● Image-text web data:
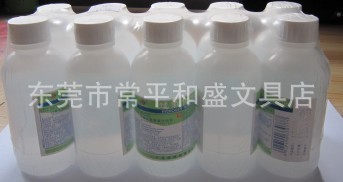 恒健雙氧水100ML消毒水消毒液工廠,批發,進口,代購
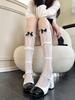 Meias de Verão Brancas Francesas com Laço de Pérola Renda de Seda Brilhante Curtas de Meia-Calça Média Meia-Calça Empilhada para Panturrilha Feminina Fina jk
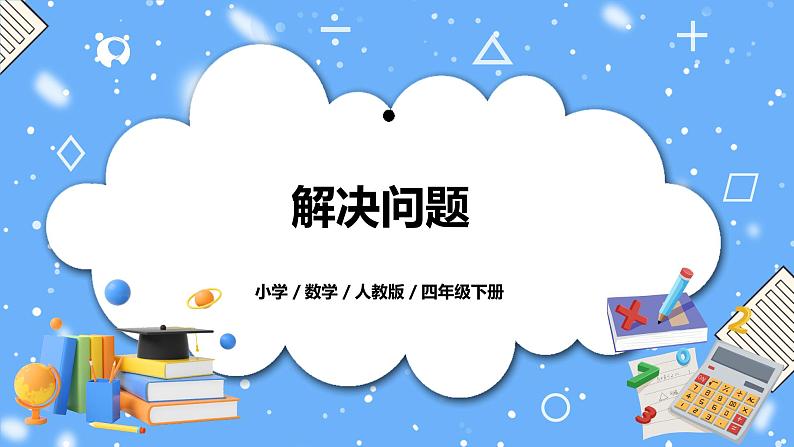 人教版四下4.6《解决问题》PPT课件+教学设计+同步练习01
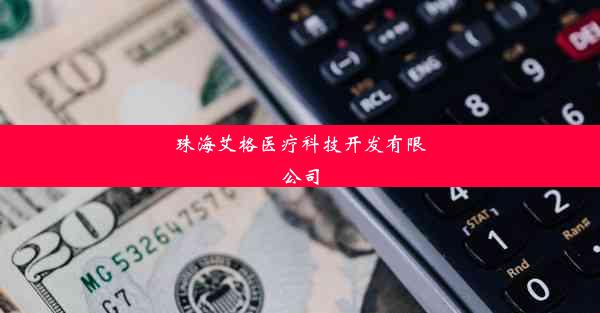 珠海艾格医疗科技开发有限公司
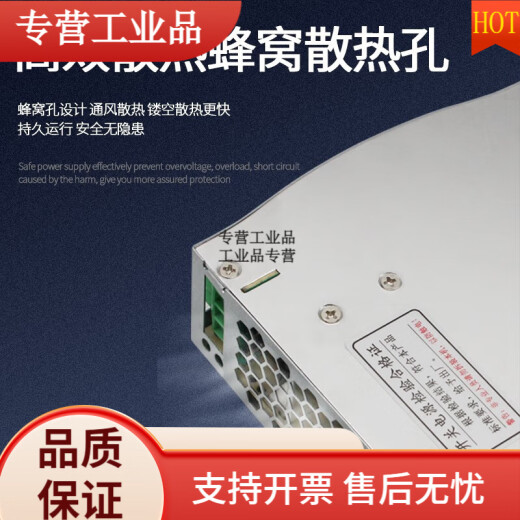 EDR24V rail type 12V DC 75/120/150W/5A/10A transformer DR switching power supply NDR NDR12048V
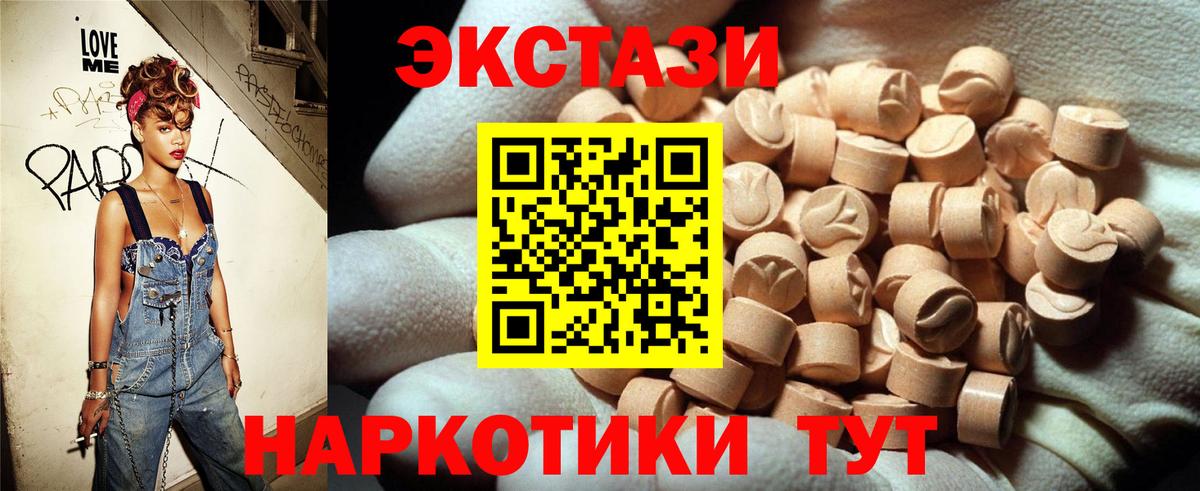 ЭКСТАЗИ ешки Строитель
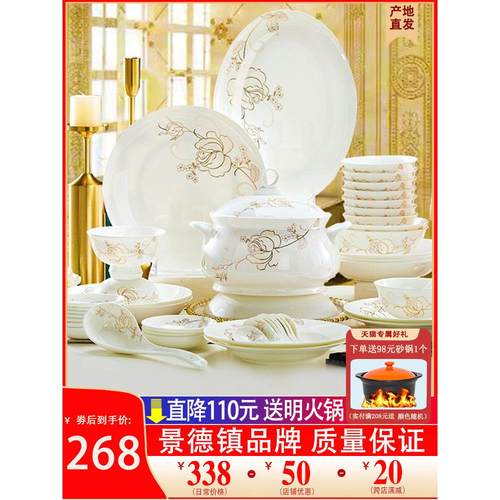 2025新款碗碟套装家用轻奢乔迁组合骨瓷餐具套装景德镇陶瓷碗盘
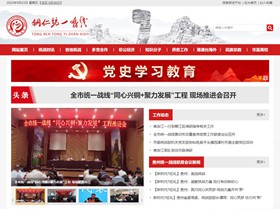 乌当区统战部官网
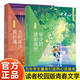 讀者文摘校園版 正青春閱讀文叢2冊 年少的琥珀微光 當時年少青衫薄 校園生活心靈雞湯 勵志成長文學散文 青少年精選文摘 推薦10-18歲中小學生課外閱讀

● Exercise requirements:
Omit the pictures. Write out exactly the lines from the one containing "2025新款碗碟套装家用轻奢乔迁组合骨瓷餐具套装景德镇陶瓷碗盘" through the last line of the entries, both of them included.

● Response:
 2025新款碗碟套装家用轻奢乔迁组合骨瓷餐具套装景德镇陶瓷碗盘
 乌当区统战部官网
 讀者文摘校園版 正青春閱讀文叢2冊 年少的琥珀微光 當時年少青衫薄 校園生活心靈雞湯 勵志成長文學散文 青少年精選文摘 推薦10-18歲中小學生課外閱讀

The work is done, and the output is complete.